• SOURCE DATA:
-=-=-
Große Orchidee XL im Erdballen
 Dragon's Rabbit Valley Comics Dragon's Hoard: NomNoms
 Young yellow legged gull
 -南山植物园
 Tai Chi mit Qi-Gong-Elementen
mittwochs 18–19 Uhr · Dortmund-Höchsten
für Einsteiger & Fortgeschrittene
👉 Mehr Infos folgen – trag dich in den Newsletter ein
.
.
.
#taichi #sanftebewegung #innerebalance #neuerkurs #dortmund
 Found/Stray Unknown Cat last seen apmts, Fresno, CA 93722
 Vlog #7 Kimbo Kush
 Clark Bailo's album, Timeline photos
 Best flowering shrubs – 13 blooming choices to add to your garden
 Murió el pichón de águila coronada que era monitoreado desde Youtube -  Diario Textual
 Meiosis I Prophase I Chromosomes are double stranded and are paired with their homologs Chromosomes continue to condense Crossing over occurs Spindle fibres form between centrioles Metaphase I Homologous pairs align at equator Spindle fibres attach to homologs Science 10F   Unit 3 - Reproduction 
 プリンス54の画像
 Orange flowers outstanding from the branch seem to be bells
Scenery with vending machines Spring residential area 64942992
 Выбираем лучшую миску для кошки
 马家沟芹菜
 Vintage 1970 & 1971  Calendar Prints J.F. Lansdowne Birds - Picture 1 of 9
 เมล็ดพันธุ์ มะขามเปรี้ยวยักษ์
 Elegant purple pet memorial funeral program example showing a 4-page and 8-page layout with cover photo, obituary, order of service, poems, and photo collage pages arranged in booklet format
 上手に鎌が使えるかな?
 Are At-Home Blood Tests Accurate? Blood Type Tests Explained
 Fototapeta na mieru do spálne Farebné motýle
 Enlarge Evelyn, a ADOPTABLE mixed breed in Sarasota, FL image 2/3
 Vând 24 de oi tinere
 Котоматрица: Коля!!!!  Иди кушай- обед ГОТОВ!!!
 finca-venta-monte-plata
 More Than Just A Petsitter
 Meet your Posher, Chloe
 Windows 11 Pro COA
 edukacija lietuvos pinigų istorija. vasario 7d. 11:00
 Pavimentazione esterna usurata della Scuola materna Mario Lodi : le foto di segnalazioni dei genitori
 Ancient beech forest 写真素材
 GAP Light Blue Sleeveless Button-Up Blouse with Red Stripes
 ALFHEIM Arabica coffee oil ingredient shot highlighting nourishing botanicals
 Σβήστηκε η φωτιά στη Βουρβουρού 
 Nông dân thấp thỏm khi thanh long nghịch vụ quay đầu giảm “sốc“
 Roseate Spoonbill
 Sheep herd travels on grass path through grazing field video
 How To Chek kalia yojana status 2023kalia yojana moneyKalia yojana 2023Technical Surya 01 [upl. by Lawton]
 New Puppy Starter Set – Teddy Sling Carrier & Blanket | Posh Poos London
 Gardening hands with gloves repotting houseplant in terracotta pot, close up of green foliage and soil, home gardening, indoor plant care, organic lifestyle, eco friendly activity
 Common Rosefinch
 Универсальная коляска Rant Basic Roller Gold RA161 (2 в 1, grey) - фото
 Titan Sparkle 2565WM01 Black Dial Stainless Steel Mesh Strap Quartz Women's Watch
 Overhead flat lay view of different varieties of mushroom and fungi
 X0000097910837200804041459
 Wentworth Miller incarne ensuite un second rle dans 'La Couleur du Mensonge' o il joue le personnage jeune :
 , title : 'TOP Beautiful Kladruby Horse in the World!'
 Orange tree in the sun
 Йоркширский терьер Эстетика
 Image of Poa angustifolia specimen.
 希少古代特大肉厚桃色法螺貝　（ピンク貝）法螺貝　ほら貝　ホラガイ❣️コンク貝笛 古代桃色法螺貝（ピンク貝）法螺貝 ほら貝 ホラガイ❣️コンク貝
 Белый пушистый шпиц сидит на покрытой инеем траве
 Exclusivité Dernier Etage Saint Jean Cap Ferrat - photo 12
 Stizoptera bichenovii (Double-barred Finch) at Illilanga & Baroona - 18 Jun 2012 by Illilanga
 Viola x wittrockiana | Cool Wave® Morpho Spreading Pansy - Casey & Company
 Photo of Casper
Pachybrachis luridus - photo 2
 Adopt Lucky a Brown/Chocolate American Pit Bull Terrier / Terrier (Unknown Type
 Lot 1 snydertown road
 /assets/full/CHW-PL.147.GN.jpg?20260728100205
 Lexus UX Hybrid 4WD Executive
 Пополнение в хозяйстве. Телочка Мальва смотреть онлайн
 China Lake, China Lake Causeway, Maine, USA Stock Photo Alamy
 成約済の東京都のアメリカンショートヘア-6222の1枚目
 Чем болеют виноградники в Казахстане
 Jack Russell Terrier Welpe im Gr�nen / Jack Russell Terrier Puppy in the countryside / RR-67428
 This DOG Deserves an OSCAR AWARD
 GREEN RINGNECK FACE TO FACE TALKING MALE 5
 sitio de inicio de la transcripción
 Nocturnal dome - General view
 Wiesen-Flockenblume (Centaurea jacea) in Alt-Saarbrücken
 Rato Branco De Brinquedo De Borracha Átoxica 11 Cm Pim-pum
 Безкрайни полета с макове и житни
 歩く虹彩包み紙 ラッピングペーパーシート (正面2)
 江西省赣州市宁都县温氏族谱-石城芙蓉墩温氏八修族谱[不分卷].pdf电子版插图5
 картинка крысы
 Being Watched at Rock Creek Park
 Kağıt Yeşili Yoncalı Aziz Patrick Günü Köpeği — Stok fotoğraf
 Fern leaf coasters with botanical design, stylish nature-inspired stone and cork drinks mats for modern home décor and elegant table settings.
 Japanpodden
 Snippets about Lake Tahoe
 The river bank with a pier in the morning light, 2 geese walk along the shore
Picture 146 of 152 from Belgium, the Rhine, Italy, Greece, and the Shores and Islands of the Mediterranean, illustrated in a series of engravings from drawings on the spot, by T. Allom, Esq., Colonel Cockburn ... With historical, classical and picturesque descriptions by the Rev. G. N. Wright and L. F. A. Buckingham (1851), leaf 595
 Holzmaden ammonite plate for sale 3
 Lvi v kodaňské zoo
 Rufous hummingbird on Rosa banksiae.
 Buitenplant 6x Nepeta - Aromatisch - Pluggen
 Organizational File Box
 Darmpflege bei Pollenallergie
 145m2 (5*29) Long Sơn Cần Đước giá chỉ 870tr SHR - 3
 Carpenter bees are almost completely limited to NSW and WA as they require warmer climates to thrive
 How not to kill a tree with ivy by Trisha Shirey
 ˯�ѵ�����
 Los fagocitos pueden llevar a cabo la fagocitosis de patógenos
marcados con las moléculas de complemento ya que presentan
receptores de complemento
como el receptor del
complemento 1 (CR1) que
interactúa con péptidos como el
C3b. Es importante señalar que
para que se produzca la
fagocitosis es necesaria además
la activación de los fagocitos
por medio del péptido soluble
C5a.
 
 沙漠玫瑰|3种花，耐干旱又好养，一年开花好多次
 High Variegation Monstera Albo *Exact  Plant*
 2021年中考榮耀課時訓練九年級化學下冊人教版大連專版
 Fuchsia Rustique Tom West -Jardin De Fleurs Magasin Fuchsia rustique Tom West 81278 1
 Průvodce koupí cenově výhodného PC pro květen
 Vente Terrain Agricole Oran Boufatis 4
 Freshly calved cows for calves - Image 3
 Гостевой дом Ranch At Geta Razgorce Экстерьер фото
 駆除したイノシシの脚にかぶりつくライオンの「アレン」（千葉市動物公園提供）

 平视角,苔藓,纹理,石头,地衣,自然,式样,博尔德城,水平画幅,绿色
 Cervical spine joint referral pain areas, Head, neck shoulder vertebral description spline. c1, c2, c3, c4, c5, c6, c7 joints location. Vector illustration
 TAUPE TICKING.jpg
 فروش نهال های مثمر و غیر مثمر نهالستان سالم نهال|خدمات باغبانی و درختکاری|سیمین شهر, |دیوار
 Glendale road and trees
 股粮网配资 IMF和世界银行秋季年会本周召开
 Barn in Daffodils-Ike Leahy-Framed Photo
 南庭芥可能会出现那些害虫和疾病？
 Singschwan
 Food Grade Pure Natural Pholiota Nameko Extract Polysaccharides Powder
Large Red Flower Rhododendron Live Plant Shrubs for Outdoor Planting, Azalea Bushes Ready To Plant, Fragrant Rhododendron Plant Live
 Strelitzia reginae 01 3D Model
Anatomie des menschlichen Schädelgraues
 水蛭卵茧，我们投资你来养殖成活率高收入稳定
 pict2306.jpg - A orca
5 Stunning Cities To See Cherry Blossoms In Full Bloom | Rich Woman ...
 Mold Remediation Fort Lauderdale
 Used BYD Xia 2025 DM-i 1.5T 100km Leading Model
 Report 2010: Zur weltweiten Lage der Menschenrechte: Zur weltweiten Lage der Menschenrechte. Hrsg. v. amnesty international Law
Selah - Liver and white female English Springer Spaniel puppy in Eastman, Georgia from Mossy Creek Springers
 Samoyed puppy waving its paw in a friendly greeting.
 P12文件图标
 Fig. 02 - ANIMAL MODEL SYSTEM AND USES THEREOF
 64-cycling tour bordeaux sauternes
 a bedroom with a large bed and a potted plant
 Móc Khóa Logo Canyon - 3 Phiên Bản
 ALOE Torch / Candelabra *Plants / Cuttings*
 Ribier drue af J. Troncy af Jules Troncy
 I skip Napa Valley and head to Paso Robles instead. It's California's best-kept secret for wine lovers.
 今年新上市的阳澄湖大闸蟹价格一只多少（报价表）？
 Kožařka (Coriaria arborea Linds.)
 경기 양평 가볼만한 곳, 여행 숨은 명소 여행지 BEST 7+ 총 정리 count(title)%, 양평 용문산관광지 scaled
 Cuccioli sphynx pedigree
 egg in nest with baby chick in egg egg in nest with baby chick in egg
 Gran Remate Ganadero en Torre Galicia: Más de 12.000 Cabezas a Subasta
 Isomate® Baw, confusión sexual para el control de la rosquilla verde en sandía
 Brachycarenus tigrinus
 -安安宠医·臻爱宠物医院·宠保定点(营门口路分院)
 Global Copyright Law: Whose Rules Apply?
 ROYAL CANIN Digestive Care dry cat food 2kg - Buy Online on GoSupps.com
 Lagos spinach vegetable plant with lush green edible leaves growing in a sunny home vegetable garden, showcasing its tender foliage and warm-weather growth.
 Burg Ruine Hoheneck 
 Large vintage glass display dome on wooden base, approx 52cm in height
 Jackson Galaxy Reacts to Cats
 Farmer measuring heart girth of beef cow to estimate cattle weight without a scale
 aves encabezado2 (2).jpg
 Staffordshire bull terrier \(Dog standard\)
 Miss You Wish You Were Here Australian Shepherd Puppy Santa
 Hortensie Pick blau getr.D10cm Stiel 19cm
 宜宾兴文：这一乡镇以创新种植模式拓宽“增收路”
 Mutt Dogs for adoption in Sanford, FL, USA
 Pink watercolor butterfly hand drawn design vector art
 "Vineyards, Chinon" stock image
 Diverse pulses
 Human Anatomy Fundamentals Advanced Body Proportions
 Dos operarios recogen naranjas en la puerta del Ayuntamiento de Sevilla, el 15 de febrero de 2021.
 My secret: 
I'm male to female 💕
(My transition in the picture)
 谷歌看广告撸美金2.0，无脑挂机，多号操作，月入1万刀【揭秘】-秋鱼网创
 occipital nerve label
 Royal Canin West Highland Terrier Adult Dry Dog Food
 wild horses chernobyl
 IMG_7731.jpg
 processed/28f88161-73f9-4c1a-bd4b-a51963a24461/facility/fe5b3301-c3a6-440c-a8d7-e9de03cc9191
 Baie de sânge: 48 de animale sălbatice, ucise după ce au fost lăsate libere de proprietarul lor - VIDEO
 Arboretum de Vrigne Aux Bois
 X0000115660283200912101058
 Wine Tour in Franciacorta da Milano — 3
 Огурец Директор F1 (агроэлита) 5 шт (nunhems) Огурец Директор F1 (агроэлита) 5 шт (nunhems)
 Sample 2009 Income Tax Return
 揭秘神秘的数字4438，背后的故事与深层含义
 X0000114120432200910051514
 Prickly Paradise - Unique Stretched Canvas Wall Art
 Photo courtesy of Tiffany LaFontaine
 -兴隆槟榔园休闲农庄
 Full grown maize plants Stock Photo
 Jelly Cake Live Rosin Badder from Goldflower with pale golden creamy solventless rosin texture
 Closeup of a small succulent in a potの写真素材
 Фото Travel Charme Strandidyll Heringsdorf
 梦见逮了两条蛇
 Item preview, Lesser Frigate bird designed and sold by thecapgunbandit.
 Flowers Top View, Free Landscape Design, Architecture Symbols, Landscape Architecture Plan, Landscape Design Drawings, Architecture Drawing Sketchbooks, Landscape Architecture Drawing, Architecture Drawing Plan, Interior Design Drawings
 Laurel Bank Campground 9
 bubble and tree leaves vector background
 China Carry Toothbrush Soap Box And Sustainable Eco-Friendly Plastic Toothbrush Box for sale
-=-=-
• YOUR ASSIGNMENT: Check which lines of the entries hold the word "China", then please give only how many there are.

• REPLY: 2